Lembro-me de quando, ainda adolescente e já trabalhando no “Diário de Piracicaba”, escrevi um artigo e o diretor Sebastião Ferraz – que foi um dos meus melhores amigos e mestres de jornalismo – não o publicou, censurando-o. Era um artigo, segundo ele, que não tinha qualquer interesse quer para o jornal quer para os leitores. Senti-me ferido e atingido em minha “liberdade de opinar” e, então, naquele mesmo dia, eu me prometi que haveria de ter um jornal apenas meu para, daí, escrever o que bem entendesse, sem dar satisfações a ninguém. Tive meu primeiro jornal, tive outros. E aprendi que era preciso policiar-me a mim mesmo, que minha liberdade de pensamento permanecia intacta, mas a de expressão era limitada.
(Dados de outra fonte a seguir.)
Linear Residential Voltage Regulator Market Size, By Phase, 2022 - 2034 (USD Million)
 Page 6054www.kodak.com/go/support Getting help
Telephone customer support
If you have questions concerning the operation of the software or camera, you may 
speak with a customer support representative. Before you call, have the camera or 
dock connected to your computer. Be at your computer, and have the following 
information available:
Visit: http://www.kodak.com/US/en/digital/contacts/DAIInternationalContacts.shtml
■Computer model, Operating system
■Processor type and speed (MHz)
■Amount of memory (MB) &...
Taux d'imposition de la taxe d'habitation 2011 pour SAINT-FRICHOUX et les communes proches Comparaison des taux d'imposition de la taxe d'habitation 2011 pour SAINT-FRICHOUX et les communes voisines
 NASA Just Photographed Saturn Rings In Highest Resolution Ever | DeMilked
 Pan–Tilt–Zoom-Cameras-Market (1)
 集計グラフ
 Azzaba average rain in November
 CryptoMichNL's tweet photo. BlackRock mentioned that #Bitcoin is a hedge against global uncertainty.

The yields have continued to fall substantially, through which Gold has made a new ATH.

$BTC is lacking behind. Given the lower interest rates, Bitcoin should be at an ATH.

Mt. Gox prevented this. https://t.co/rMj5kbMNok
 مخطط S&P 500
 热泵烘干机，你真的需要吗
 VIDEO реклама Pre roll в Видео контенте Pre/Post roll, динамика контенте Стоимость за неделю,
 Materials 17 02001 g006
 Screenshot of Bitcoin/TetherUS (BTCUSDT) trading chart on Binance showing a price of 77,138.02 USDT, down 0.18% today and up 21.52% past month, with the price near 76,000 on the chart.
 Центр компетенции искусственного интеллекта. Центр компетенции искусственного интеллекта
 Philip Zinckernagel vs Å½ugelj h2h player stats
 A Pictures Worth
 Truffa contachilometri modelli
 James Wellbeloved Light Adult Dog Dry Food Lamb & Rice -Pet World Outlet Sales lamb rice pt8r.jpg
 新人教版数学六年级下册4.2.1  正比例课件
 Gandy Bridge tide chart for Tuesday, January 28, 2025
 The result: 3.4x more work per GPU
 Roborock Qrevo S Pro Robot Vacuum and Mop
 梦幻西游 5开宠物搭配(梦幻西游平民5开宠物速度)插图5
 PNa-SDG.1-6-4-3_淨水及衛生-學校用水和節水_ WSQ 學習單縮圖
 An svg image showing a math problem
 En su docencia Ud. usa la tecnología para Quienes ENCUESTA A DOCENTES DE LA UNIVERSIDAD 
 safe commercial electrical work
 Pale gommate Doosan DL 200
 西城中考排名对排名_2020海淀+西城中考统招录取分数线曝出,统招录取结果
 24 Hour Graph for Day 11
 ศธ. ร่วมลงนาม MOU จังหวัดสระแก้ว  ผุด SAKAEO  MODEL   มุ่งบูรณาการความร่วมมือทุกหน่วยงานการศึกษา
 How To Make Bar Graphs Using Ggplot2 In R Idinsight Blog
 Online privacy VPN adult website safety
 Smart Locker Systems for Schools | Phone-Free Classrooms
Aliás, tornou-se clássico o episódio – não se sabe se real, se lendário – do jornalista Davi Nasser, um dos mais famosos do país à sua época, com o dono dos Diários Associados, o genial mas controvertido Assis Chateaubriand. Este censurou um artigo de seu principal jornalista, que reclamou, protestou, indignou-se. O velho Chatô deu-lhe apenas um conselho: “No dia em que você quiser escrever o que bem entende, tenha o seu próprio jornal.” Na realidade, o que Chateaubriand quis dizer é que a imprensa, no mais fundo de si mesma, nada mais é do que “a voz do dono”. Ela reflete o pensamento, a ideologia, as tendências, as preferências de seus proprietários. E o mesmo acontece quando o dono é o Estado. Ora, nenhum proprietário de jornal irá permitir que seu veículo transmita informações que contrariem os seus interesses e sua ideologia. Nenhum Estado totalitário permite que, sob controle, a imprensa se manifeste em oposição. Portanto, quando há interesses em jogo, a imprensa livre é simples falácia.

Há muitos e muitos anos, defendo a teoria de que, por ser tão importante o papel da imprensa, as comunidades é que deveriam ser proprietárias dos veículos de comunicação, elegendo, em votação direta, seus diretores. No mundo inteiro, são famílias, sim, as grandes proprietárias dos veículos, sendo preocupantes os tentáculos que o mega-empresário Murdoch estende por todos os países, em todas as formas modernas de comunicação. No entanto, há movimentos paralelos: jornais de bairro, rádios comunitárias, tevês das pequenas cidades. Os chamados “provincials papers” – pequeninos jornais de comunidades – é que irão influenciar os habitantes das cidades. E, agora, o milagre da internet, onde pessoas ou grupos de pessoas podem enfrentar monopólios e oligopólios de informação.

Esses atritos entre a grande imprensa e o presidente Lula ocultam interesses maiores. Mas não têm qualquer importância. O grande juiz da imprensa, o grande julgador é o leitor, são os telespectadores. Com o amadurecimento social, leitores, ouvintes e telespectadores saberão discernir a boa da má liberdade, a honestidade da informação da simples manipulação. E, então, usarão da maior arma que possuem: trocar de canal de tevê, deixar de assinar o jornal ou a revista. O que, no fim, sempre prevalece é a credibilidade do jornalista e do veículo. Nestas eleições, há, sim, indícios claros de manipulação. Mas nem eles podem arranhar o direito de a imprensa circular livremente, até que o próprio povo a julgue. Mas que a liberdade de expressão é relativa, isso é. Bom dia.